Sometimes the world of personal finance feels like one big, conflicting question mark. Some professionals say that credit is good: if you manage it well, it can help you in acquiring student loans or home loans or lines of credit when you really need it. Some professionals say credit is bad: live cash-only and you’ll never be tempted to spend money you don’t have to then owe back to the bank. So which is it? Should you get a credit card (or another one) or not?
Let’s break it down: the good reasons to open a credit card, the not-so-good reasons, and the things you absolutely need to know, no matter which side you fall on:
Good Reasons to Open A Credit Card
- To establish a line of credit. If you’re going to need loans for school or a home or a large purchase, you will need credit in your name to feasibly get the amount of money and payment plan you need. If you believe you can handle a credit card well, charging to it and paying it off each month, then it’s a good thing to open that line of credit, which will open up a recorded history of your fiscal responsibility.

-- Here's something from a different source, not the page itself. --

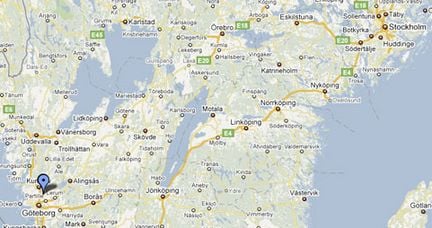 Elbilen Tesla: Nu är det stopp!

- To improve your credit. Theoretically, if you also need to continue improving your credit, you could also open a credit card account. Note, however, that this is not the only way to improve your credit. If you already have credit cards or other lines of credit open, your best bet is to pay on time, to pay more than the minimum (or better yet, pay it off each month), and to let the accounts accrue longevity. But if you only have one credit account, an additional one could be a good way to continue improving your score, provided your current credit account is already in good standing.
- In case of emergency. It’s never a bad idea to have a completely zero-balance account available to use if you run up against an unexpected and large expense. The key to this kind of credit account, however, is that you keep it at zero-balance. The card won’t do you much good in an emergency if there is barely any credit limit to spend! The downside to keeping a card at a constant zero-balance, though, is that you won’t be spending and paying off like you might with a different credit situation…this one won’t really help improve your credit much, but it won’t hurt it, either.
- Protected purchases. With credit cards, your purchases are backed and protected, so you know that you won’t have to pay for charges to your account that are fraudulent or mistaken. With debit cards, those charges typically remain posted to your account until the claim is resolved; not so with credit card accounts.
- Travel convenience. In travel situations, know that hotels and car rental outlets often require a credit card to hold for a deposit. Most of these types of companies will not take a debit card for such a deposit. Additionally, the convenience of having a credit card when traveling means that you won’t have to carry large amounts of cash.
Not-So-Good Reasons to Open A Credit Card
- Because your credit limits are maxed out with your other cards. Instead of opening yet another card and running the risk of even more consumer debt, put together a practical budget you can stick to. Then you can begin to chip away at your credit card debt and feel comfortable with your bills each month.
- If you have bad impulse control. If you have a tendency to charge to plastic on a whim, or you’re not paying at least the minimum amount required each month, on time, it would be a bad idea to put yourself in a situation to rack up credit card debt and/or ruin your credit score.
- Because it’s a store you shop at a lot. While rewards can be an enticing reason for some to apply for a credit card, especially if the rewards are with a brand they normally purchase from, it’s still not a great idea to open up a credit card. Consider that you may end up spending more money in order to get the rewards, effectively canceling out any real fiscal benefits the rewards provided in the first place.
Things to Know No Matter What
- Applying for a credit card means a credit inquiry on your score. Those inquiries could be hard or soft inquiries, depending on the company: hard inquiries mean that they will affect your credit score, soft inquiries do not.
- Opening a new credit account affects the age of your credit. The age of your lines of credit affects your score in a big way; the longer you have a credit account open, the more it lends credibility to your ability to handle lines of credit. This is why you should never close an account, even if it’s paid off and you don’t want to use it anymore! There are two variables to credit age, however: the age of your oldest account and the average age of all your accounts. Opening a new account will affect the second variable, so know that going in.
- Make sure your payments are always on time. Missed payments are one of the biggest hits to your score, so making sure your payments are on time is critical to keeping your credit score stable and positive.
- Don’t use it all. “Maxed out” doesn’t mean that there’s no credit limit left on your card…it means that you’ve used more than 85% of your available credit. You could be maxed out and still have credit available! Utilizing too much of your credit and carrying that large balance month over month can hurt your credit score as well.
Credit is not an inherent evil…as a matter of fact, it can be beneficial and necessary to your financial goals. But like any tool, it can become deadly in the hands of the user. Make your credit cards work for you and not against you!